Tuesday, October 6, 2020

Cheap Things P. 2

 A History of the World in Seven Cheap things summarizes itself nicely in the final conclusion. The second half of the book analyzes the latter three "cheap" things that the authors have identified as being integral parts of capitalism throughout it's history and have led us to where we stand today, staring anthropogenic climate change in its fiery face. The final three chapters discuss the aspects of Cheap Food, Cheap Energy, and Cheap Lives. All of which, through historical evidence and the authors arguments, lay out a convincing argument that capitalism has, overall, cheapened almost every aspect of our lives. The pursuit of the cheapest means of producing food supplies while simultaneously decreasing wages of those who grow and cultivate the food is indicative of capitalisms parasitic tendencies.

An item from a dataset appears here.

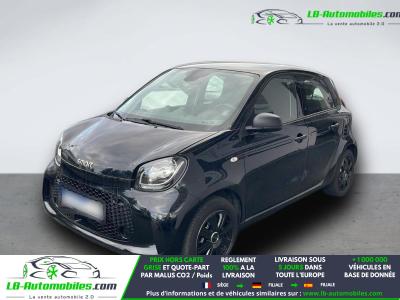 Smart ForFour EQ 82 ch Electrique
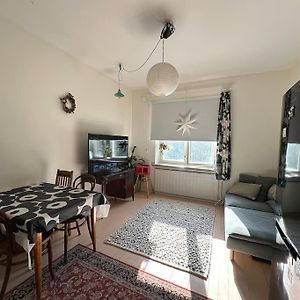 Appartement met een Slaapkamer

In the Cheap Energy chapter, the authors describe the processes that brought about the need for the fossil fuels that are the main harbringers of our current greenhouse gas crisis. This demand for the cheapest possible energy to fuel the mechanisms necessary to drive the capitalistic/colonialistic demand have led us to where we stand at the current moment, with carbon dioxide parts per million through the roof, higher than ever in human history. The final chapter of Cheap Lives discusses in depth how the individual themselves have been cheapened in the ever-churning machine of capitalism as it needs the proletariat to even function.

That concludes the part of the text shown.